DTSO Meclisi olarak vatandaşlarımızın ifade özgürlüğü, barışçıl toplantı ve gösteri hakkını her zaman savunduk, bazı grupların bilinçli bir şekilde bu hakkını iş yerlerine girerek, burada bulunan vatandaşlarımız üzerinde korku ve endişeye neden olacak şekilde kullanmasını kabul etmiyoruz.
İlimizde turizm sezonun yaşandığı bir dönemde basında vatandaşlarımızın endişe ve korkuyla kaçışması ilimize büyük bir zarar vermektedir. Bu özel işletmeleri işleten kişiler, çalışanlar ve buralarda oturan kişilerin de bizim insanlarımız olduğunu hatırlatmak isteriz. DTSO olarak kentimize zarar veren özel işletmelere yapılan bu saldırıları kınıyoruz, ilgili mercileri bu saldırıların yaşanmaması için gerekli önlemleri almaya davet ediyoruz.”
‘12 bin yıllık tarihi geçmişi kuraklaştırmaya hiç kimsenin hakkı yoktur’
Diyarbakır İş Konseyi ise yaptığı yazılı açıklamada şu ifadelere yer verdi:
“Kentimizin barış ve huzur ortamını zedelemeye çalışanlara tahammül etmeyeceğiz.

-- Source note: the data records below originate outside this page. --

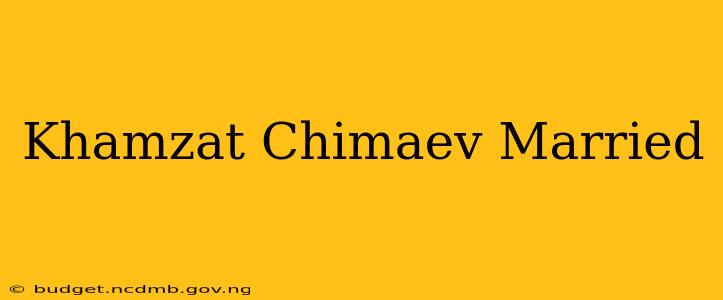 Khamzat Chimaev Married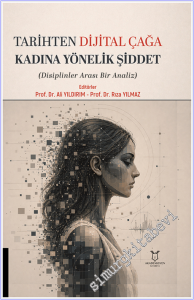 Tarihten Dijital Çağa Kadına Yönelik Şiddet : Disiplinler Arası Bir Analiz -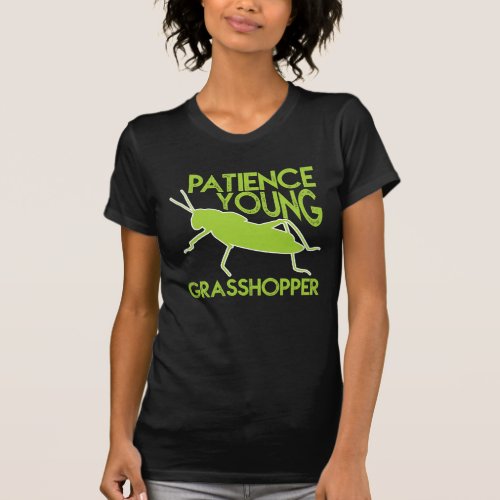 Patience Young Grasshopper Funny Novelty T_Shirt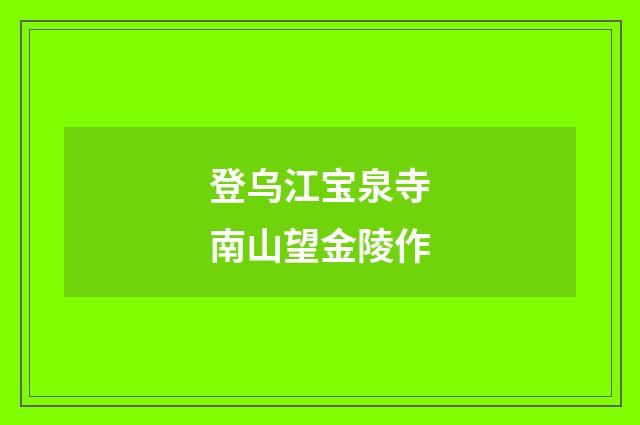 登乌江宝泉寺南山望金陵作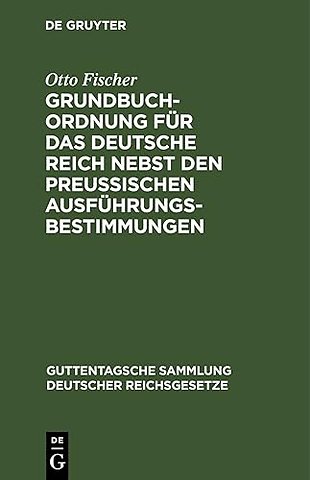 Grundbuchordnung Fur Das Deutsche Reich Nebst Den Preußischen Ausfuhrungsbestimmungen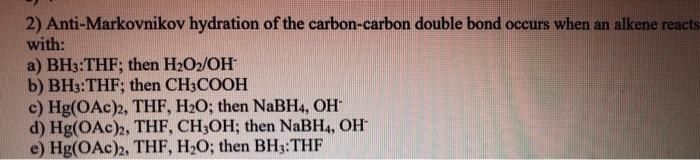 2 Anti Markovnikov Hydration Of The Carbon Carbon Double Bond Occurs When An Alkene Reacts With A Bh3 Thf Then H O 1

Din veya inanç kavramı coğrafyamız insanı için derin bir anlam ve değer taşırken, bu inançları baltalamaya, İslam dininde yeri olmayan eylemlerde bulunmaya insanların inançlarını karartmaya kimsenin/kimselerin hakkı yoktur.
Din adına veya İsrail protesto adı altında siyasi sâiklere aracılık eden bu tip eylemlerin, kentimiz üzerinde toplumsal baskı aracı olarak kullanılması kabul edilebilir bir durumun ötesinde geçmiştir.
Vandallık derecesindeki bu girişimleri kabul etmiyor, kolluk kuvvetlerini görevlerini yapmaya davet ederken, Tacir ve esnaflarımızın işyerleri adeta basılarak korku ve panik havası yaratmaya çalışanları önce Allah’a sonra toplum vicdanına havale ediyoruz.
Hoşgörü ve saygının yeşerdiği
12 bin yıllık tarihi geçmişi kuraklaştırmaya hiç kimsenin hakkı yoktur.”